Interventions recommended will be structured under the following thematic framework:

  • theme 1: Awareness, Education and Support
  • theme 2: Prevention
  • theme 3: Enforcement 

Theme 1: Awareness, Education and Support

In order for a consumer to be able to effectively access support and information, in most instances this means they must first feel able and willing to report the scam. In part, this relies on the consumer knowing and understanding: what a scam is; that there is no shame in having fallen victim to a scam; and who they can turn to, and how, when they are exposed to or suffer harm as a result of one. People who have a good knowledge of their consumer rights, and are familiar with current scam tactics, will also be better equipped to self-protect.
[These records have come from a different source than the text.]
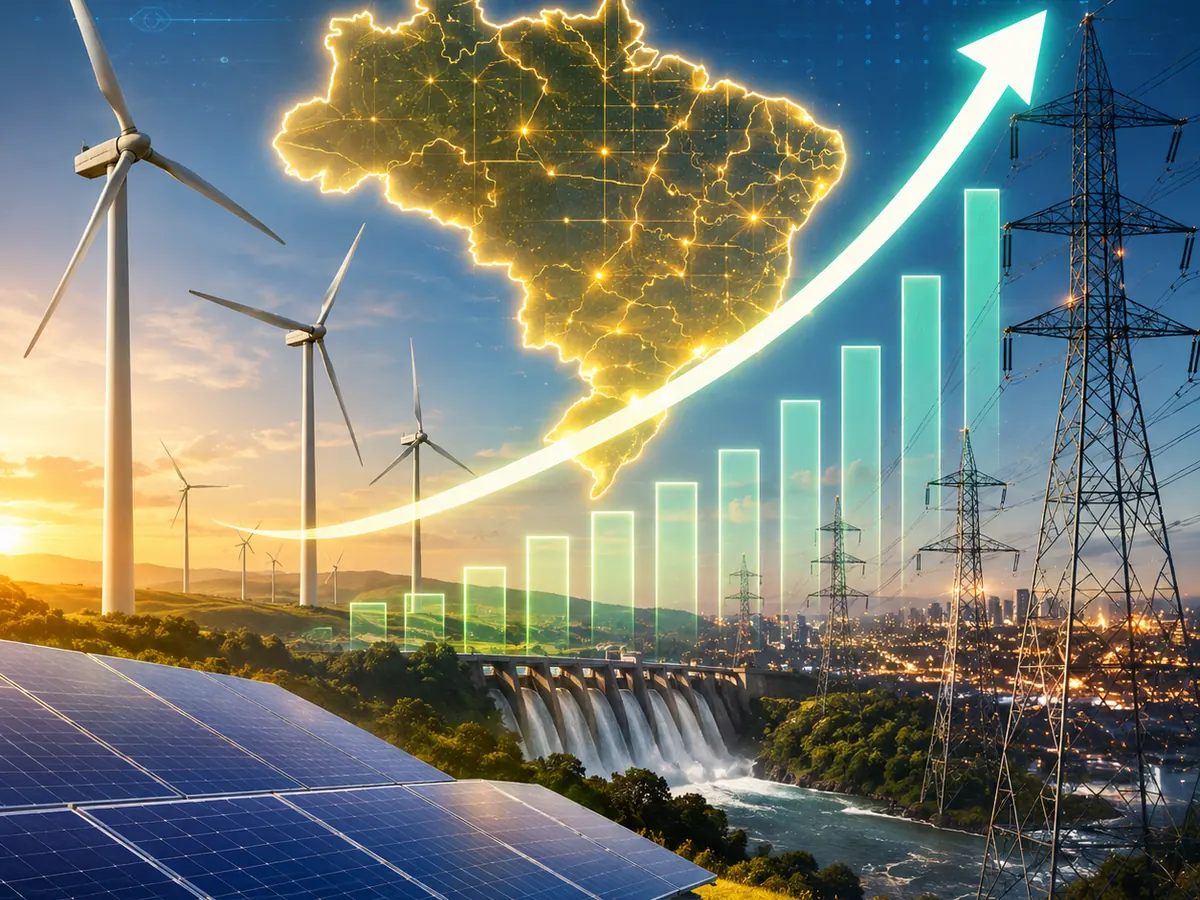 Aerogeradores, painéis solares, hidrelétrica e torres de transmissão ao entardecer, com o mapa do Brasil iluminado e um gráfico de barras em alta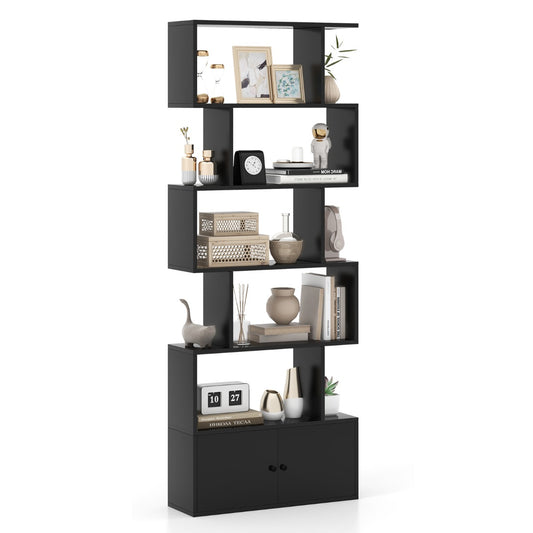 S-Shaped Bookshelf with Storage Cabiet for Living Room-Black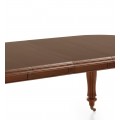 Rustikálny oválny rozkladací jedálenský stôl M-VINTAGE z masívneho mahagónového dreva s vyrezávanými nožičkami 160-240cm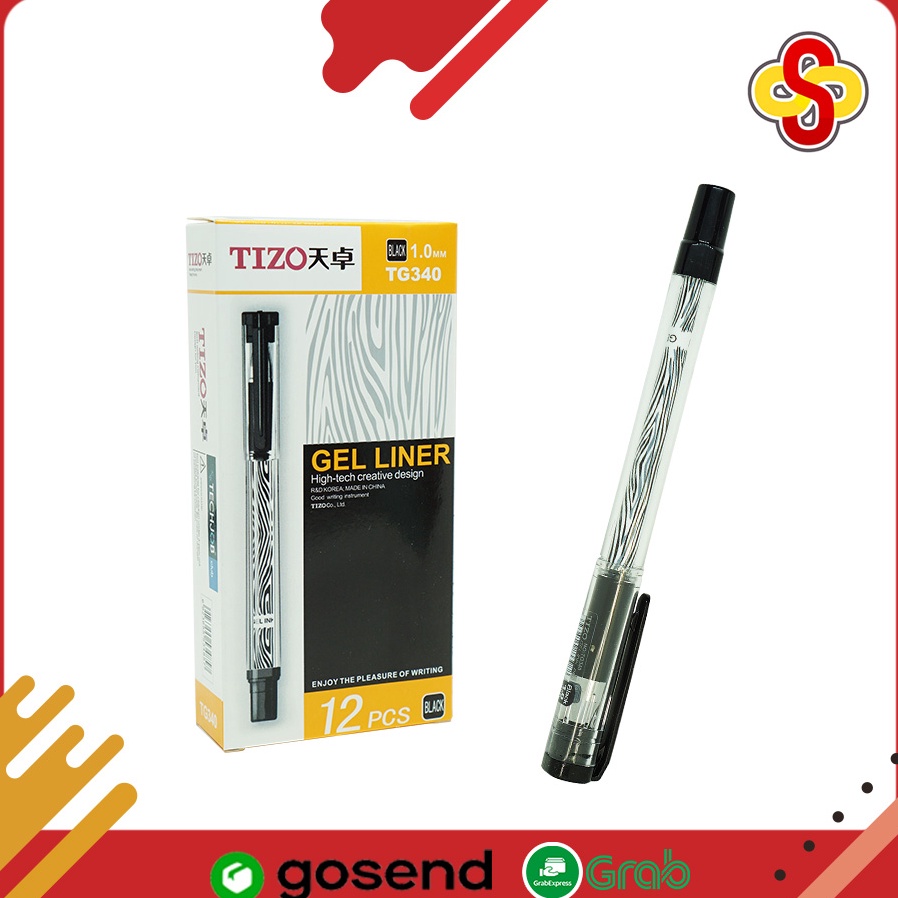 

KODE U85I Pulpen Gel Liner Pulpen Tanda Tangan TIZO TG34 1 mm Isi 12 pcs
They may be more vigilant, able to better spot the warning signs of a scam, and so cautious before responding to prompts.  

Theme 2: Prevention

In many respects, the most effective and cost-efficient way of tackling scams and their impacts on consumers is to intervene to stop them before they occur. This can operate at different levels. Prevention may involve putting in place barriers to shield a consumer from specific, targeted activities, for example through the use of call blockers to stop nuisance calls. At the same time, prevention may require authorities to be proactive in attempting to anticipate, identify and engage scams perpetrators before they are able to reach the end consumer. This also means having up-to-date information on common and innovative scams tactics; as well as data trends evidencing the change over time in intensity and impacts across different consumer groups.  

Theme 3: Enforcement

In order to control the overall level and proliferation of scams that impact on consumers in Scotland, the relevant regulatory and enforcement agencies need to be able – and perceived – to take quick and effective action in response to victim reports. There are two main benefits to this. Consumer trust that institutions – including national and local government – will protect their interests is an important element in encouraging consumers to feel confident, and willing to participate in markets. Also, protecting those in the most vulnerable circumstances in society from being targeted by criminal activity means that scammers must be consistently and appropriately deterred. The repercussions of carrying out scams need to be proportionate, but also applied on a regular basis and quickly in order to avoid lag time between perpetration and consequences.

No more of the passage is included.